I can run both server and client code in debug and I have WireShark watching the packets.
On the client side, after the connection is established, the operations are:
Socket.Send() // single call
Socket.Receive() // this one times out in our scenario
Socket.XXX() // various choices as described below
On the server side, after the connection is established, the operations are:
1) Socket.Receive() //multiple calls until complete message is received
2) // Processing...
3) Socket.Write() //single call
4) Socket.Receive() // single call expecting 0 bytes
5) Socket.Shutdown()
Presume each call is wrapped with try..catch(SocketException)
A) If I pause the server during step 2, wait for the client to time out, and initiate a client shutdown using Socket.Shutdown(SocketShutDown.Send)
a FIN packet is sent to the server. When the server resumes processing, all the calls will succeed (3 thru 5) because that's a perfectly acceptable TCP flow.
B) If I pause the server during step 2, wait for the client to time out, and initiate a client shutdown using Socket.Shutdown(SocketShutDown.Both)
or Socket.Close()
again a FIN packet is sent to the server. When the server resumes processing step 3 succeeds, but it causes the client to send a RST packet in response as it is not accepting more data. If this RST arrives before step 4 then Socket.Receive
throws and step 5 succeeds. If it arrives after step 4, then Socket.Receive
succeeds (returns 0 bytes), and yet step 5 succeeds.
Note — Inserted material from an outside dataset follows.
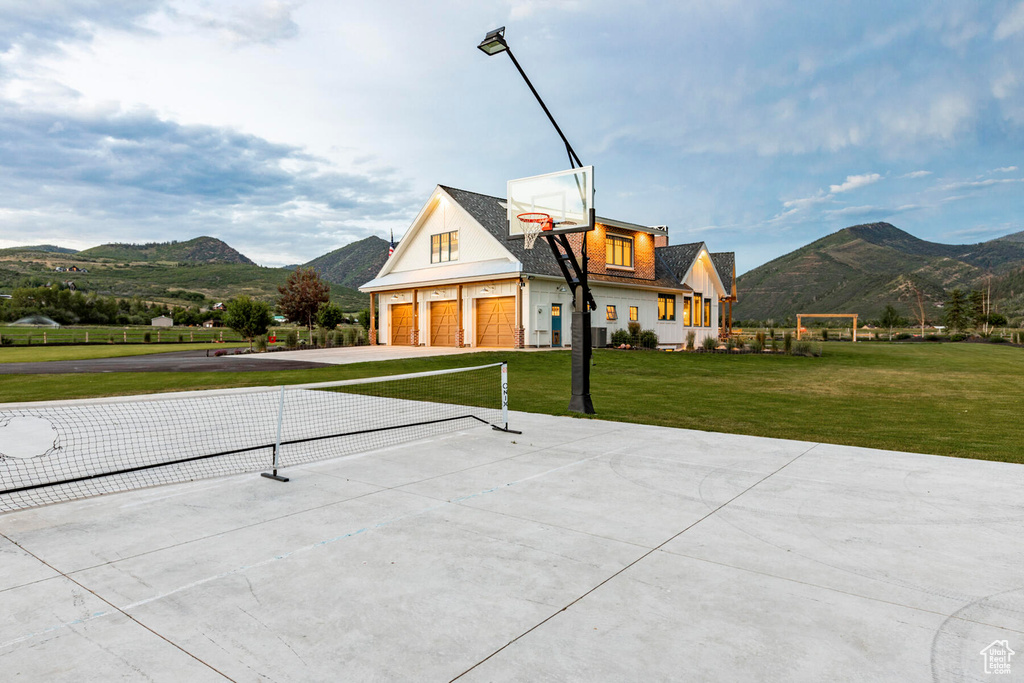 Exterior space with basketball hoop, a yard, a mountain view, and a garage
C) If the client has "Dont Linger" set (Linger enabled with 0 timeout), and I pause the server during processing, wait for the client to time out, and initiate a client shutdown using Socket.Shutdown(SocketShutDown.Both)
or Socket.Close()
a "RST" packet is immediately sent to the server. When the server resumes processing steps 3 and 4 will fail but still step 5 succeeds.
I think what puzzles me most is that Socket.Shutdown
appears to ignore my test client RST packets and yet evidently my load balancer was able to send a RST packet that was not ignored. What am I missing? What else can I try?